The U.S. Supreme court recently struck down a Los Angeles ordinance that allowed the police to examine guest registries at hotels and motels anytime during the day or night. The 5-4 decision upheld a U.S. 9th Circuit Court of Appeals ruling that had set aside the ordinance on grounds that it permitted unreasonable searches. The Los Angeles City Attorney’s office had maintained that some hotels and motels have become havens of prostitution, sex trafficking and drug dealing and that police need the authority to conduct spot checks, the Los Angeles Times reported.
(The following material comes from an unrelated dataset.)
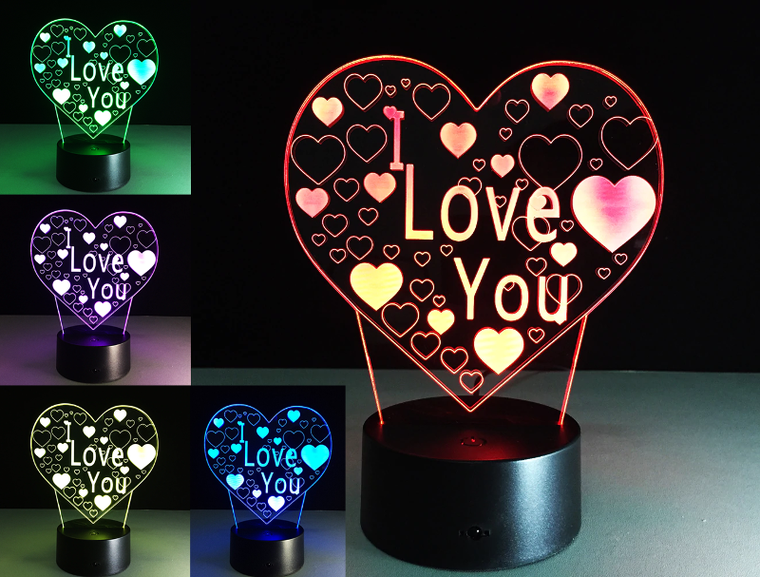Lampka nocna LED, 3D, I Love You, halogen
A group of motel owners went to court, alleging the spot checks late at night were intrusive and disruptive for families running the motels. The group won a broad ruling from the 9th Circuit Court that held the ordinance unconstitutional. Justice Sonia Sotomayor said motel owners deserve the right to go to a judge and to object before a search takes place. Justices Anthony M. Kennedy, Ruth Bader Ginsburg, Stephen G. Breyer and Elena Kagan also cited with the plaintiffs. They said police may obtain a search warrant if they suspect criminal activity at a motel or hotel.
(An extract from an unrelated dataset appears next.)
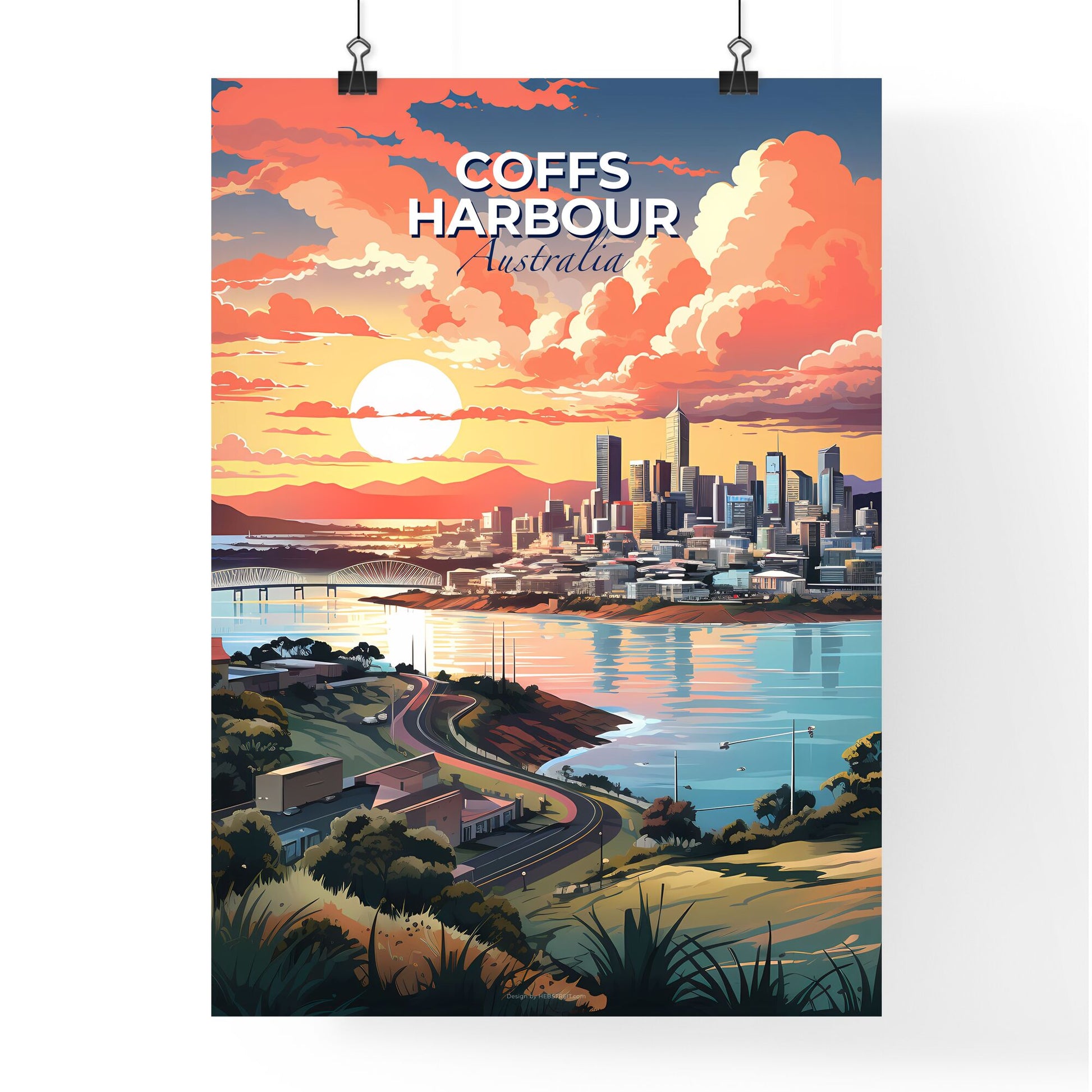 Coffs Harbour Australia Skyline Painting: Vibrant Cityscape by the River Default Title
Justice Antonin Scalia said police should not have to “jump through procedural hoops” to get a warrant. He said “the costs of this always-get-a-warrant alternative would be prohibitive for a police force in one of America’s largest cities, juggling numerous law-enforcement priorities and confronting more than 2,000 motels within its jurisdiction.”
The city had already stopped enforcing its hotel registry inspection law last February, Cmdr. Andrew Smith, an LAPD spokesman, told City News Service. The ability to inspect hotel registries without a warrant – which allowed officers to find out if a known pimp has registered a room — was one of the tools used by the LAPD to “combat human trafficking, prostitution and sometimes narcotic sales that occur in some of these generally smaller hotels throughout the city,” Smith said.
“We’ll just have to continue to work to fight human trafficking using other tools we have available,” such as cultivating informants and observing whether there are “inordinately large numbers of guests that come in and out” of hotel rooms, he said.
LAPD officers now “can ask and can get a written consent, but they can’t force” hotel owners to show them their hotel registries, Smith added.